PROBLEM TO WORK ON:
From the records below, print only the part that opens with the line containing "T0051388599 Weller |" and closes with the line containing "Amethyst Tree 100 Beads Slice Stone Base"; omit the pictures.

DATA:

————————

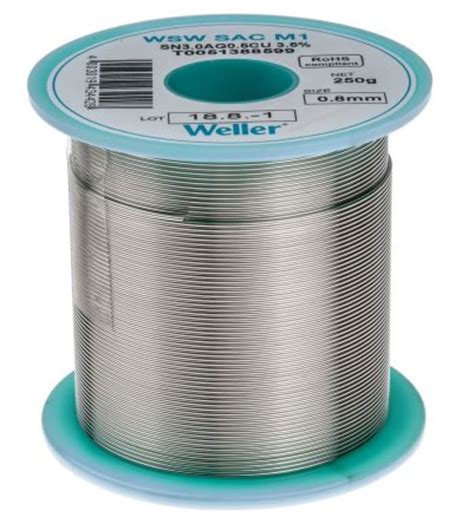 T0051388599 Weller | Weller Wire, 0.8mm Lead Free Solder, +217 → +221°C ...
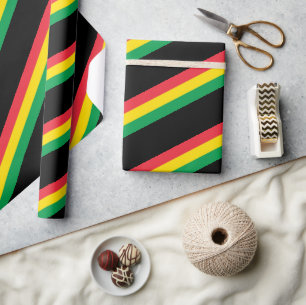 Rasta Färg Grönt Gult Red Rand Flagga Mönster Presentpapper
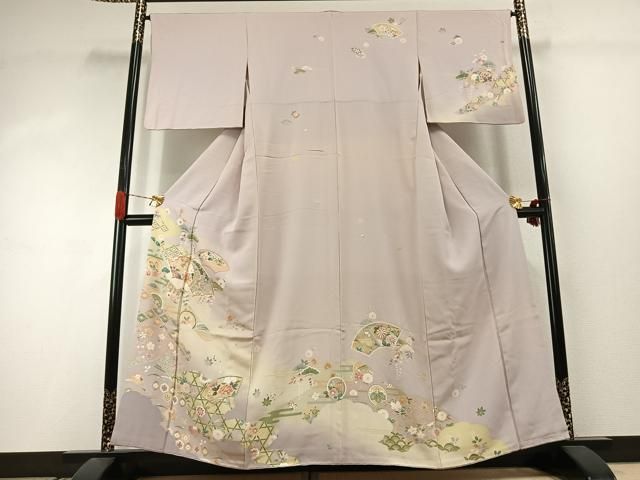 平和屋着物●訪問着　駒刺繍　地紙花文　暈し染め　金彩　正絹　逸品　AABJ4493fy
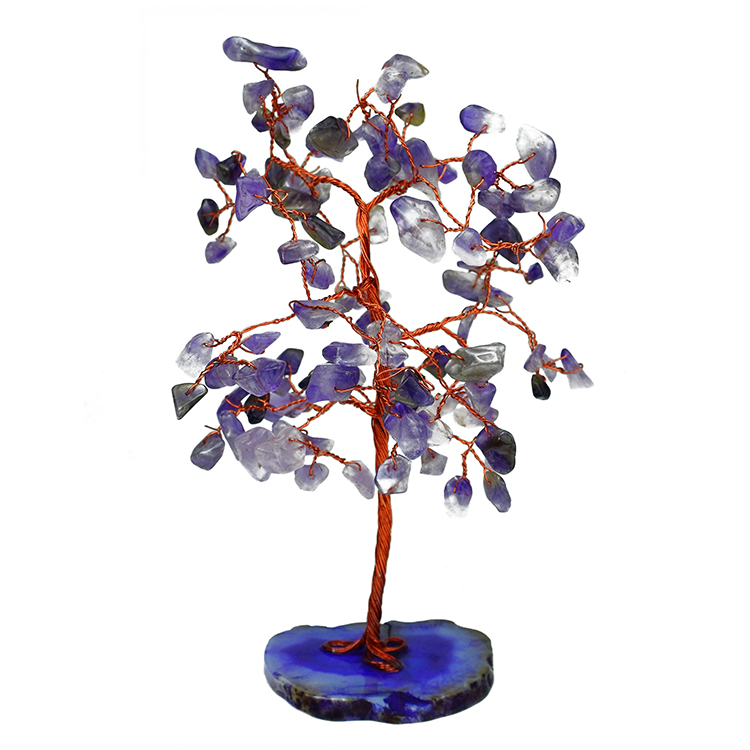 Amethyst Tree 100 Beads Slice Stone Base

————————

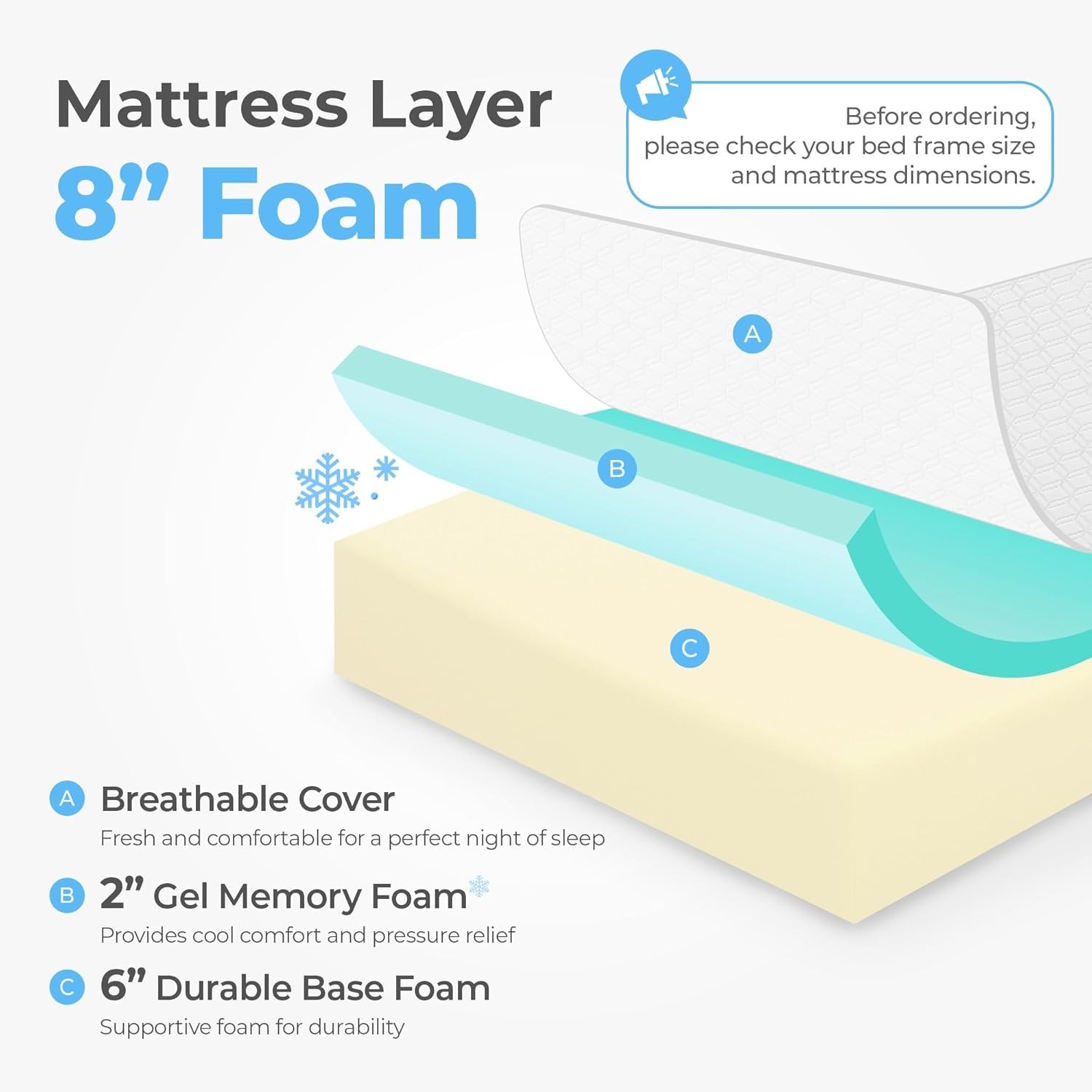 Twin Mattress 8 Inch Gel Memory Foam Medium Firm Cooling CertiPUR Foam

————————

RESULT OF THIS TASK:
 T0051388599 Weller | Weller Wire, 0.8mm Lead Free Solder, +217 → +221°C ...
 Rasta Färg Grönt Gult Red Rand Flagga Mönster Presentpapper
 平和屋着物●訪問着　駒刺繍　地紙花文　暈し染め　金彩　正絹　逸品　AABJ4493fy
 Amethyst Tree 100 Beads Slice Stone Base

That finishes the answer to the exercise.